> **WORK TASK**: Would you output the lines from the one containing "关于2023年乡镇人大主席述职述廉报告【3篇】" through the final line of the entries, exactly and with pictures omitted?

> **RECORD SET**:
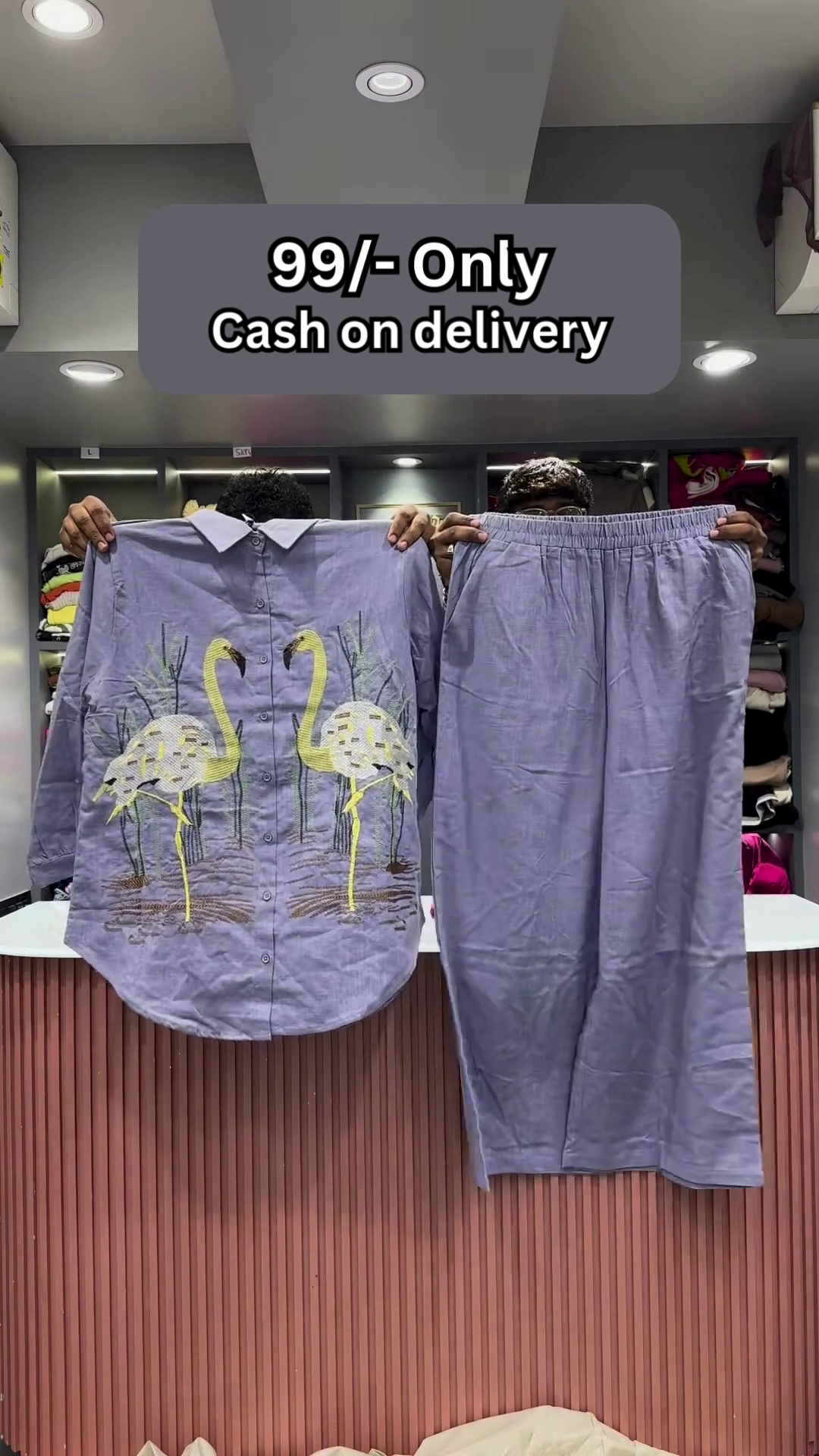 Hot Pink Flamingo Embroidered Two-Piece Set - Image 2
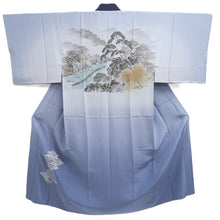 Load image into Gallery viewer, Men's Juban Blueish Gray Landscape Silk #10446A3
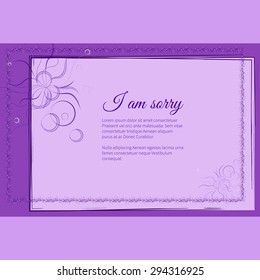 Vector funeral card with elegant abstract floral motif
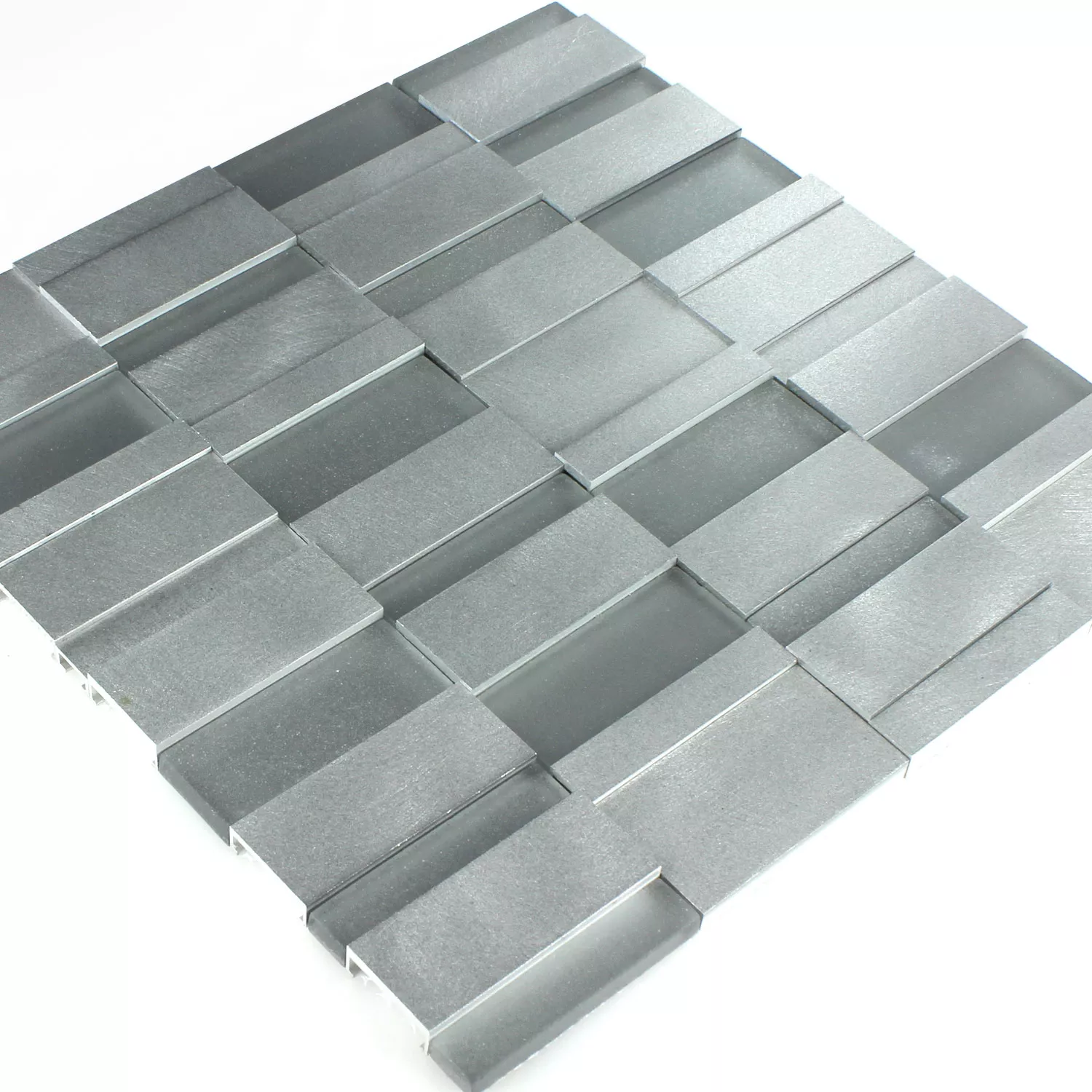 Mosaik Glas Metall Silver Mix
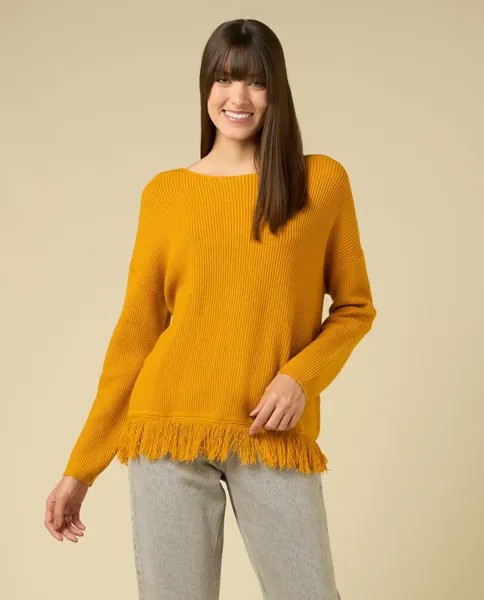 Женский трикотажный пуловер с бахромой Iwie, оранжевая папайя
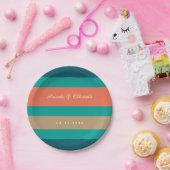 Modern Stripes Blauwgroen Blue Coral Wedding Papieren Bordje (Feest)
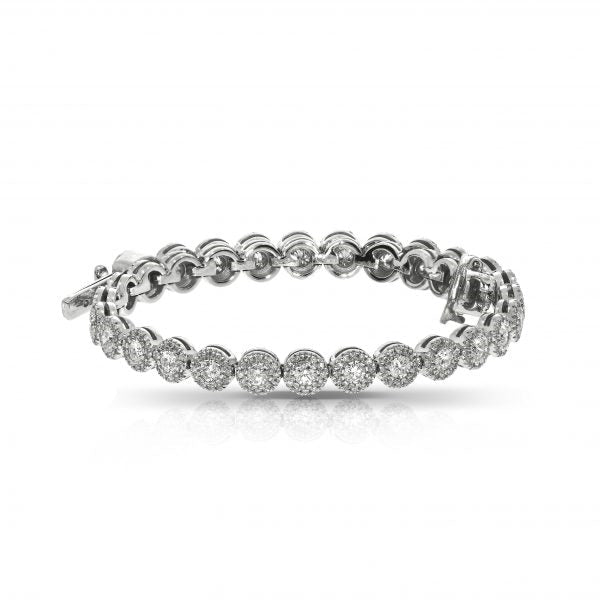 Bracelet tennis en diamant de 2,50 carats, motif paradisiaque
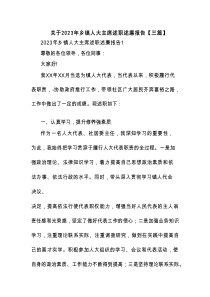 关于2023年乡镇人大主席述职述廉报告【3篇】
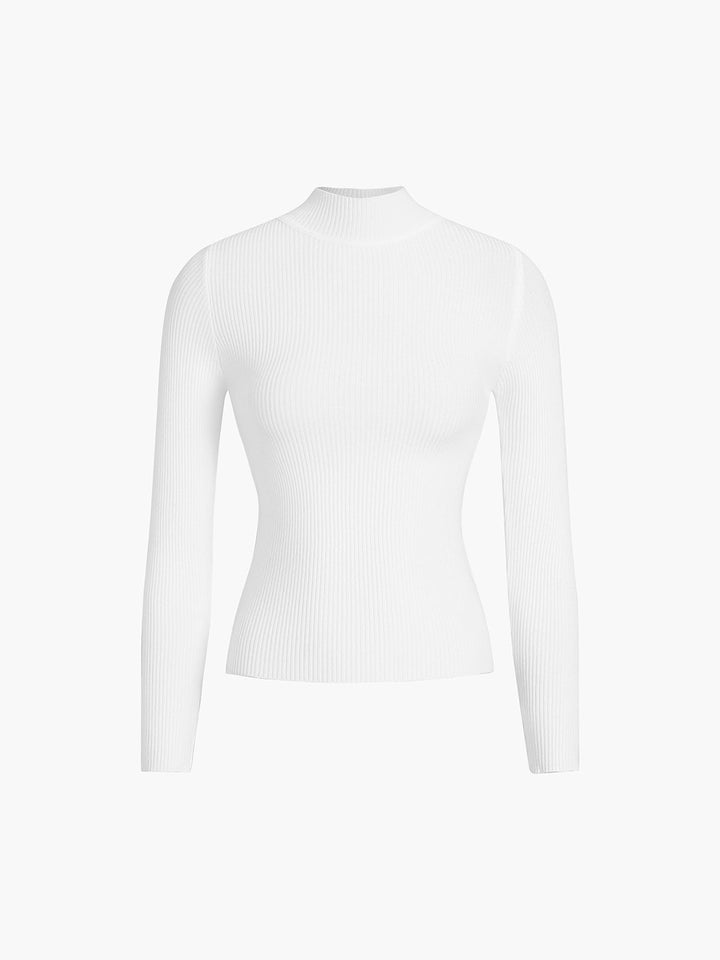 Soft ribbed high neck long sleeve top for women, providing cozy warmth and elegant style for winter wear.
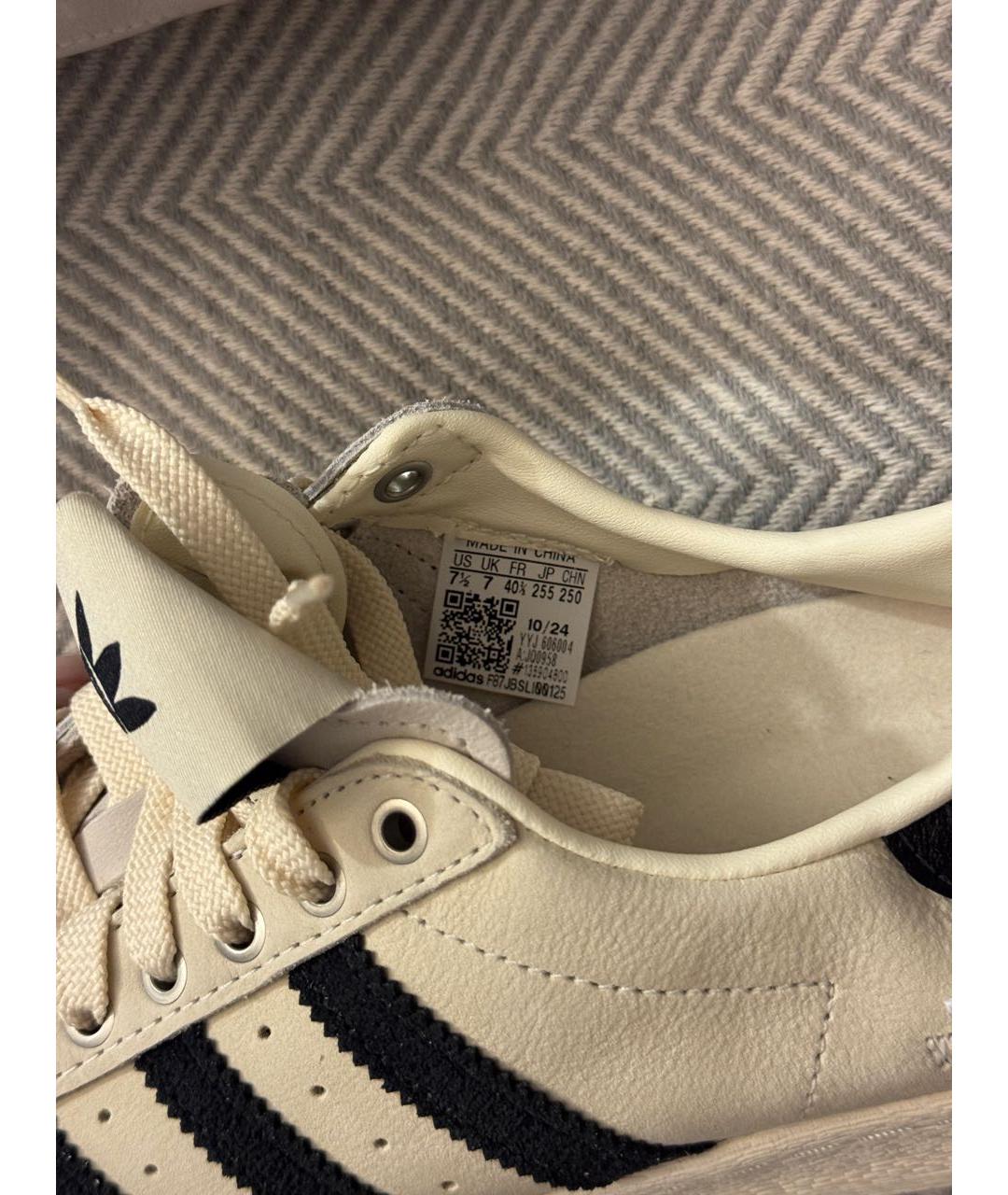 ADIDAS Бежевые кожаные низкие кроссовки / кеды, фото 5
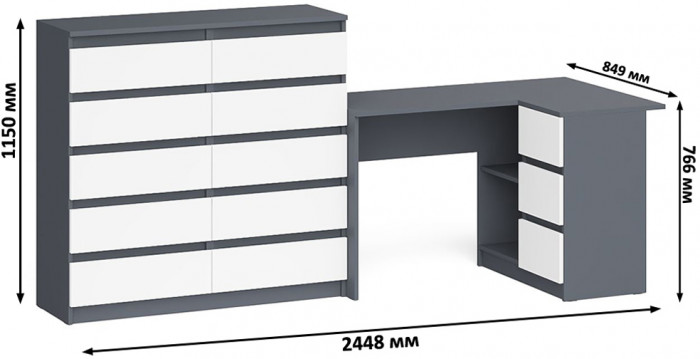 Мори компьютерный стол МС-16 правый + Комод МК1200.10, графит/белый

> **ANSWER TO THIS TASK**:
 关于2023年乡镇人大主席述职述廉报告【3篇】
 Soft ribbed high neck long sleeve top for women, providing cozy warmth and elegant style for winter wear.
 ADIDAS Бежевые кожаные низкие кроссовки / кеды, фото 5
 Мори компьютерный стол МС-16 правый + Комод МК1200.10, графит/белый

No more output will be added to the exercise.